What to work on —
Using the data beneath this instruction, retype only the lines from the one that contains "Pylons stretching across the Medway valley" down to the one that contains "Vintage Ceramic Head", both included, exactly as they appear.

Data provided —
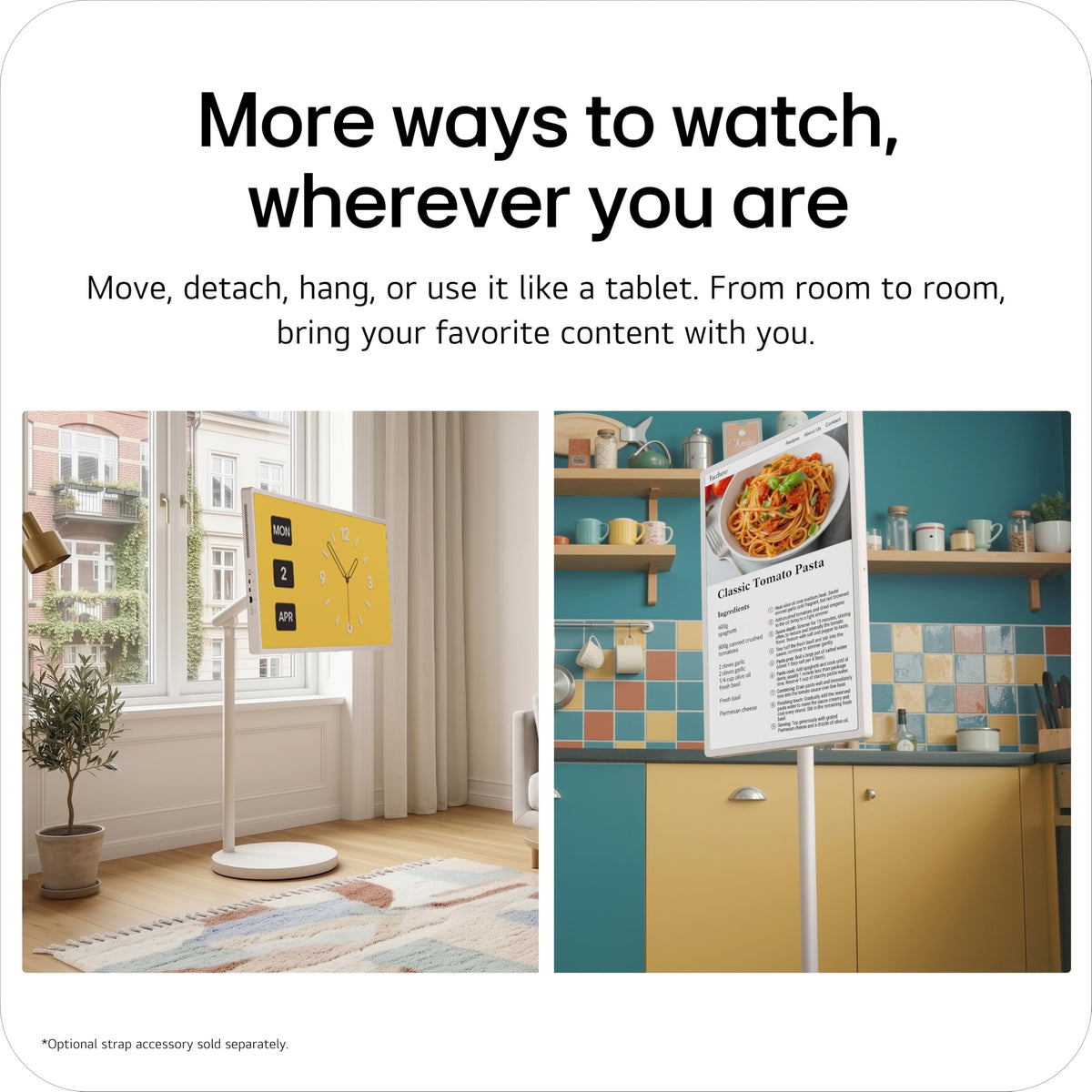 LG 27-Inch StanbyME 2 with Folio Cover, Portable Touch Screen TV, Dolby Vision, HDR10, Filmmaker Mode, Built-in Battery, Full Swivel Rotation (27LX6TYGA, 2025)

...

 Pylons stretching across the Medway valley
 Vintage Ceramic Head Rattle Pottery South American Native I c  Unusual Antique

Exercise output —
 Pylons stretching across the Medway valley
 Vintage Ceramic Head Rattle Pottery South American Native I c  Unusual Antique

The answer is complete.